Python Forum
multiprocess hang when certain number is used in the program
Thread Rating:
  • 0 Vote(s) - 0 Average
  • 1
  • 2
  • 3
  • 4
  • 5
multiprocess hang when certain number is used in the program
#1
Hi, I am a python beginner, I am starting to learn multiprocessing. I have created this program to simply calculate the squares of a big list of numbers.

The program takes a start_number and a end_number, separates the numbers into groups, then uses multiprocessing to calculate the results.

Each process puts the results in a List, and form a dictionary with their sequence number as key, then put into a Queue.

At the end, the program then combine the results as a list and print out the result list.



The program works fine with the start_number = 1, and end_number = any number between 1 to 12_998.

However, the program does not work when end_number = 12,999. It may work with certain end_number and not others passing 12_999. For example it works with 13_000 thru 13_005 but not 13_006 and not 13_007. It works with 13_008 thru 13_012 but not 13_013 ..... and so on.

I have tried running the same program in different computers with different CPU counts, and both windows and linux. The results are the same. I am using python 3.6.9

I have learned later that multiprocess.Pool is easier to use in this scenario.
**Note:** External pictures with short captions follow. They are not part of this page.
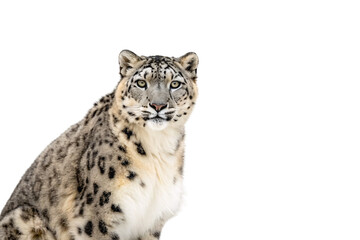 Fototapeta premium Snow leopard portrait showing detailed facial features with beautiful rosette markings and alert expression, isolated on a transparent background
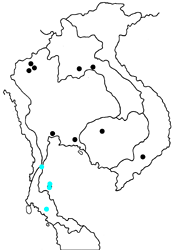 Arhopala asinarus asinarus map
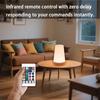 Table Lamp Bedside Light For Bedroom Color Modes Remote Control Touch Dimmable USB Rechargeable Portable Night Lamp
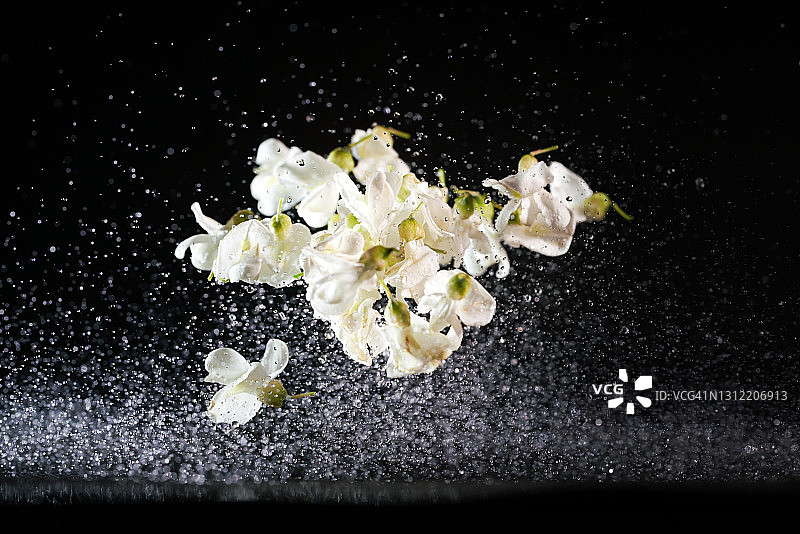 使用高速同步拍摄的半空中飞舞的槐花图片素材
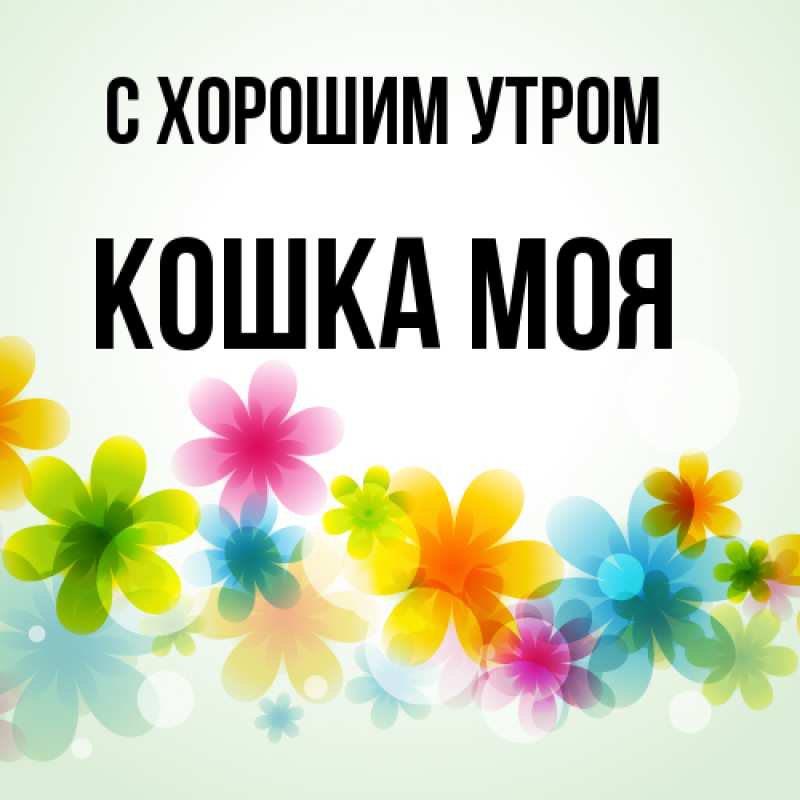 Картинка С хорошим утром, Кошка моя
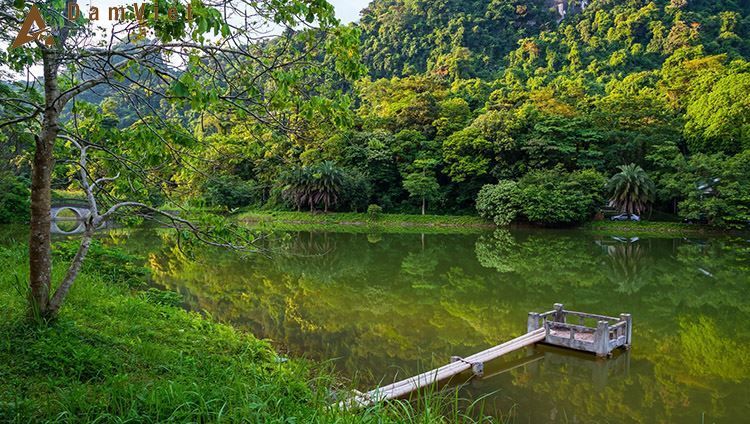 Du lịch Hoa Lư-Tam Cốc-Cúc Phương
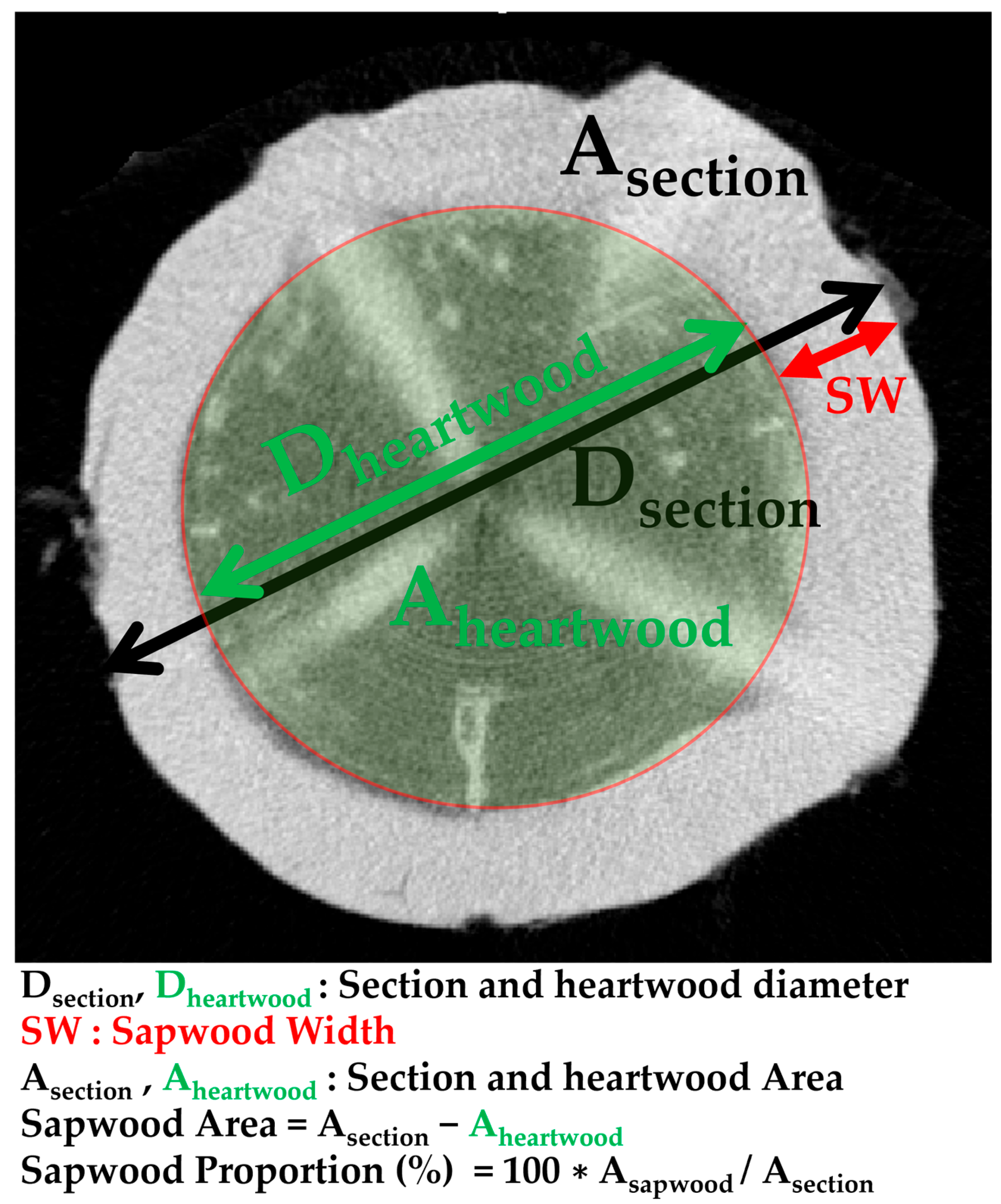 Forests 16 01457 g003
But I am interested to know what was wrong with my multiprocess.Process program, if anyone is kind enough to have a look.

Thank you.

-----------------
My codes:
-----------------
# This program hang when end number = 12_999 , 13_006, 13_007, 13_013.. etc
from multiprocessing import Process, Queue
from multiprocessing import log_to_stderr, get_logger


# divide the range of numbers into groups. so that each group can be processed with different Process. 
def dividegroup(minno, maxno, nof_groups):
    
    total_range = maxno - minno + 1
    remain = total_range % nof_groups
    group_range = total_range // nof_groups

    print(total_range, group_range, remain)

    lof_groups = []
    
    for i in range(nof_groups):
        lof_groups.append( range( minno + (i * group_range), minno + ((i + 1) * group_range )))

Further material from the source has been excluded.